If we use (Trim/LBP)=(GG1/GML) then could we write GML=GG1/(Trim/LBP) = GG1*LBP/Trim? With this relation and if we know GG1 provided a center of mass equation, could you write Moment needed to change Trim by 1 unit (MCTC) = W * (GG1 * LBP/Trim) / * LBP This is assuming the trim is 1/100th of LBP
If B shifts from B to B1 how come when we move cargo from forward to aft the AP to B distance before shift from h. tables and then again AP to B1 are exactly the same since LCB distance is same for same displacement? In your image distance from AP to G1 is larger then AP to B1, that makes trim lever forward not aft? How do you calculate BB1 longitudinal shift? You have seen the problem your self when you drag the green arow to B1, if you placed it correctly it would be left from G1 and that would make ship trim forward. ???
I understood that, if we load above G , then G will not move longitudinally, and therefore no trimming moments will take place, and trim will remain the same. and if we load above C.F, which is not vertically above G will do the same, i.e the trim will not change. now the question is, Is loading above G will not affect the trim as the same effect as loading above C.F? thanks.

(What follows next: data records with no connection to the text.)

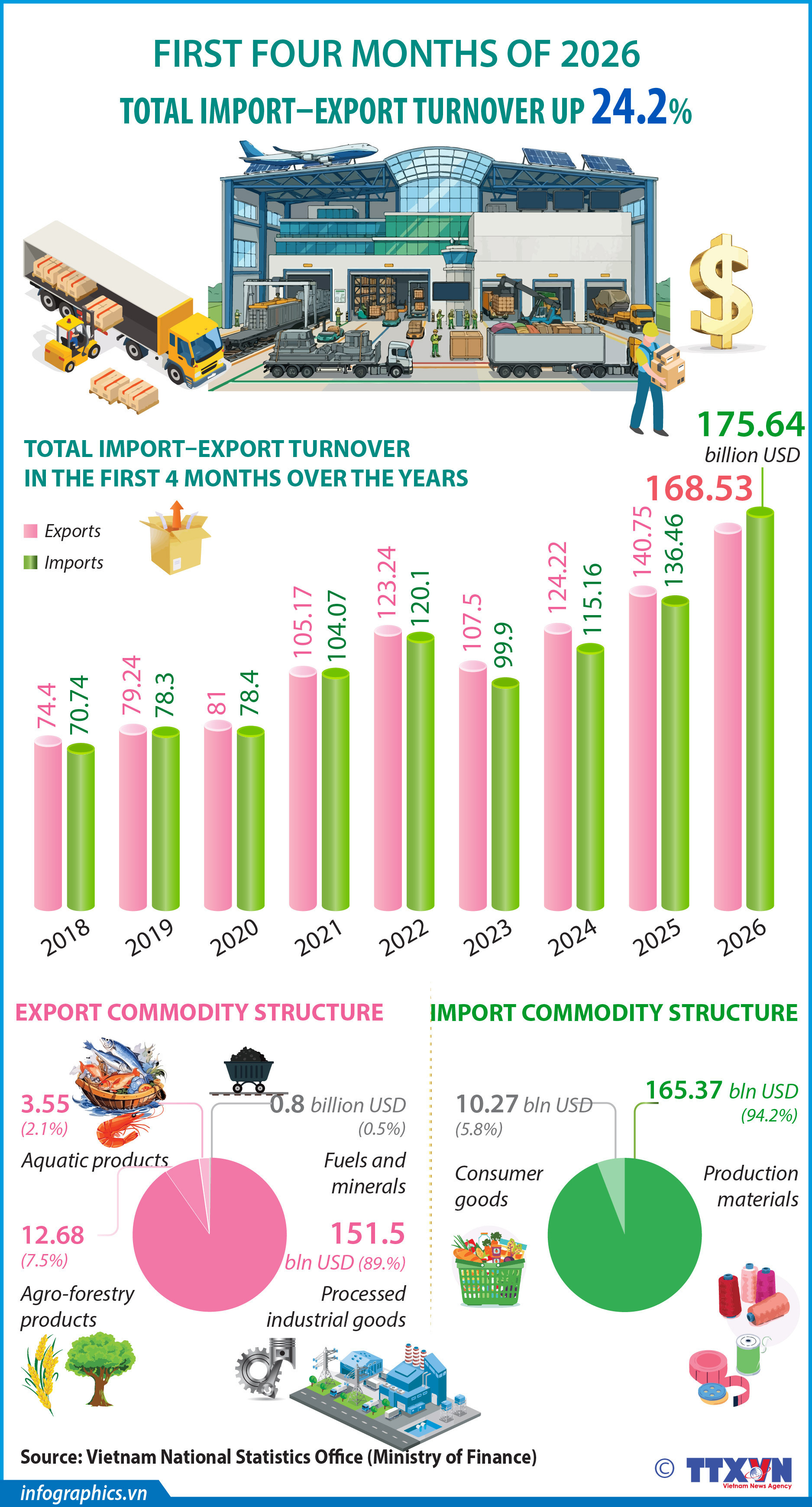 Import-export turnover up over 24%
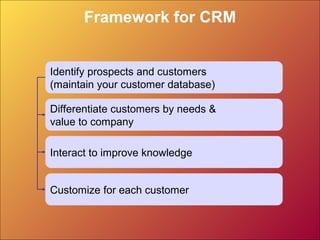 Framework for CRM
Identify prospects and customers
(maintain your customer database)
Differentiate customers by needs &
value to company
Interact to improve knowledge
Customize for each customer
 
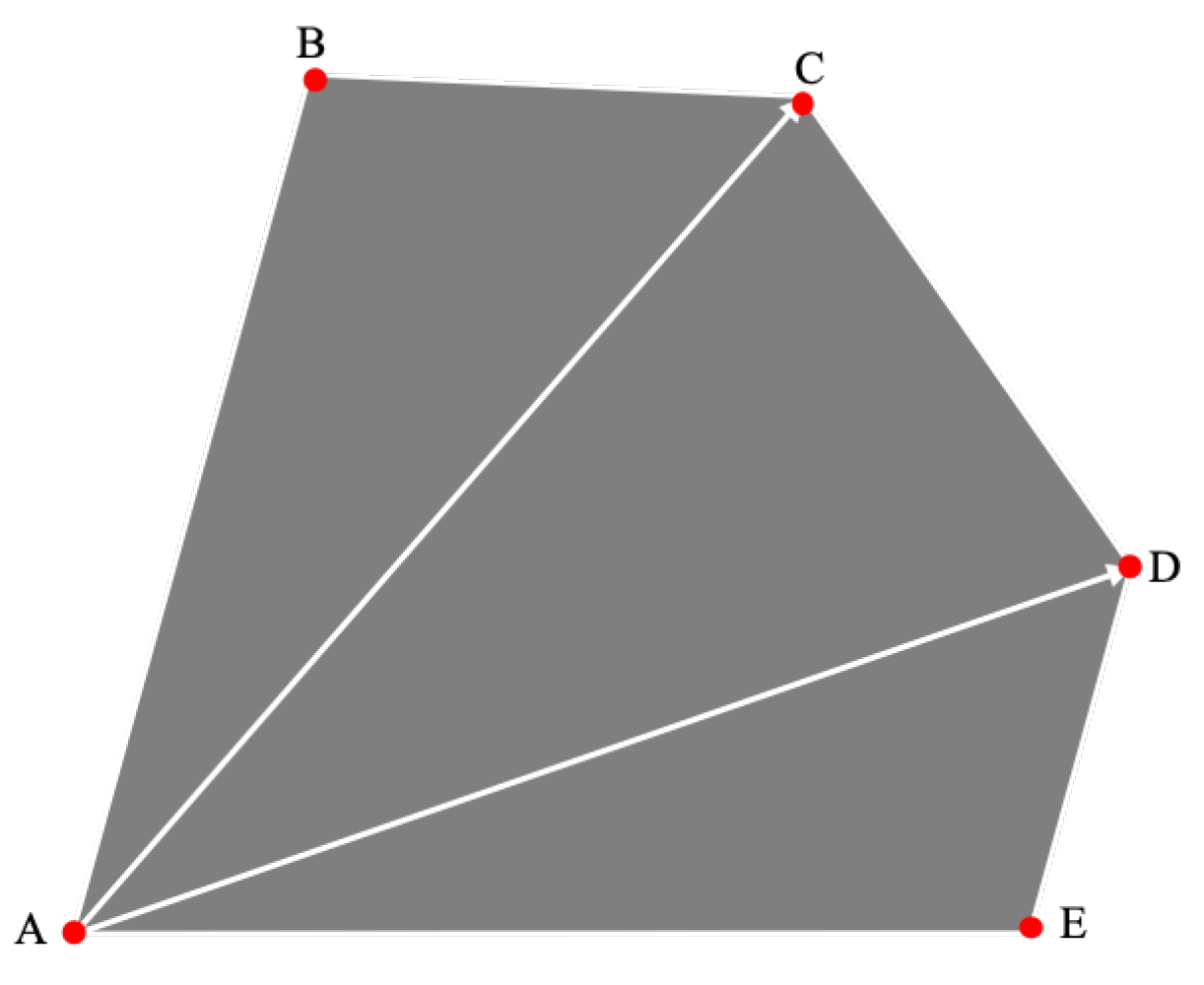 Sensors 22 08385 g004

If the ship is box shaped where COF and COG will lie in the same line , it will not make any difference .However for normal ship shape COG and COF are different, hence loading at COF will not result in trim but loading at COG will result in some trim. FYI COF is the geometrical center of water plane area where ship trims and COG is the point where total weight of ship is assumed to be acting vertically downward.